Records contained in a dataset
==============================
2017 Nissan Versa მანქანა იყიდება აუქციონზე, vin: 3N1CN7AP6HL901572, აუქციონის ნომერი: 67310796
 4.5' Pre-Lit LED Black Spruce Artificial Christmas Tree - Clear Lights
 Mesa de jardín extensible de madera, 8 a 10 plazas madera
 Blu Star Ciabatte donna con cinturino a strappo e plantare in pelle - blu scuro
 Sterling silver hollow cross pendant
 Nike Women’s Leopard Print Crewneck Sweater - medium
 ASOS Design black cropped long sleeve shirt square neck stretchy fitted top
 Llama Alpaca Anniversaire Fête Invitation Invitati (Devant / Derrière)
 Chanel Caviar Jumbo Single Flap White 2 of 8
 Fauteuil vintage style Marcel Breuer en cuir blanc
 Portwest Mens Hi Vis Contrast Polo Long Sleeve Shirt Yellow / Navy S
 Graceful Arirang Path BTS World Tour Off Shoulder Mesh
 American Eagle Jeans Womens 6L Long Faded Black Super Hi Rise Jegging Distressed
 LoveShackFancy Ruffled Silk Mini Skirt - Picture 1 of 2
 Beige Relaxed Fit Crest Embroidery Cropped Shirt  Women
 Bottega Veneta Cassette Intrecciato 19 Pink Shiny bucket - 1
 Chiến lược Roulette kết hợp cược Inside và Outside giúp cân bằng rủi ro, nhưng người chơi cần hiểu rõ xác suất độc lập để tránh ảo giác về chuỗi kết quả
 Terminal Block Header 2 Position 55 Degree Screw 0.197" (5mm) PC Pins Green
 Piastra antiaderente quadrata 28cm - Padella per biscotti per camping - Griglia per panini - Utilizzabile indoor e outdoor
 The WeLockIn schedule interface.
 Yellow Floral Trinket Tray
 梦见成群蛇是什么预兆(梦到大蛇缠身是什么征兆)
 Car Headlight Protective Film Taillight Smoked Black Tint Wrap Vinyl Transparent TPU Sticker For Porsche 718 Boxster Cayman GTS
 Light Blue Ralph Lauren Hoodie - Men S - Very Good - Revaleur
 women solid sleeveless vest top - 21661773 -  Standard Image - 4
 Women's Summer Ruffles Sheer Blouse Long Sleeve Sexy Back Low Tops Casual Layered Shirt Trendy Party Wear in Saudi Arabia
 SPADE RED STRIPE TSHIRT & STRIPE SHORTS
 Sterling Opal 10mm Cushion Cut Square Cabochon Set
==============================
▶ PROBLEM
Would you output every entry exactly as it was written?

▶ WRITTEN ANSWER
2017 Nissan Versa მანქანა იყიდება აუქციონზე, vin: 3N1CN7AP6HL901572, აუქციონის ნომერი: 67310796
 4.5' Pre-Lit LED Black Spruce Artificial Christmas Tree - Clear Lights
 Mesa de jardín extensible de madera, 8 a 10 plazas madera
 Blu Star Ciabatte donna con cinturino a strappo e plantare in pelle - blu scuro
 Sterling silver hollow cross pendant
 Nike Women’s Leopard Print Crewneck Sweater - medium
 ASOS Design black cropped long sleeve shirt square neck stretchy fitted top
 Llama Alpaca Anniversaire Fête Invitation Invitati (Devant / Derrière)
 Chanel Caviar Jumbo Single Flap White 2 of 8
 Fauteuil vintage style Marcel Breuer en cuir blanc
 Portwest Mens Hi Vis Contrast Polo Long Sleeve Shirt Yellow / Navy S
 Graceful Arirang Path BTS World Tour Off Shoulder Mesh
 American Eagle Jeans Womens 6L Long Faded Black Super Hi Rise Jegging Distressed
 LoveShackFancy Ruffled Silk Mini Skirt - Picture 1 of 2
 Beige Relaxed Fit Crest Embroidery Cropped Shirt  Women
 Bottega Veneta Cassette Intrecciato 19 Pink Shiny bucket - 1
 Chiến lược Roulette kết hợp cược Inside và Outside giúp cân bằng rủi ro, nhưng người chơi cần hiểu rõ xác suất độc lập để tránh ảo giác về chuỗi kết quả
 Terminal Block Header 2 Position 55 Degree Screw 0.197" (5mm) PC Pins Green
 Piastra antiaderente quadrata 28cm - Padella per biscotti per camping - Griglia per panini - Utilizzabile indoor e outdoor
 The WeLockIn schedule interface.
 Yellow Floral Trinket Tray
 梦见成群蛇是什么预兆(梦到大蛇缠身是什么征兆)
 Car Headlight Protective Film Taillight Smoked Black Tint Wrap Vinyl Transparent TPU Sticker For Porsche 718 Boxster Cayman GTS
 Light Blue Ralph Lauren Hoodie - Men S - Very Good - Revaleur
 women solid sleeveless vest top - 21661773 -  Standard Image - 4
 Women's Summer Ruffles Sheer Blouse Long Sleeve Sexy Back Low Tops Casual Layered Shirt Trendy Party Wear in Saudi Arabia
 SPADE RED STRIPE TSHIRT & STRIPE SHORTS
 Sterling Opal 10mm Cushion Cut Square Cabochon Set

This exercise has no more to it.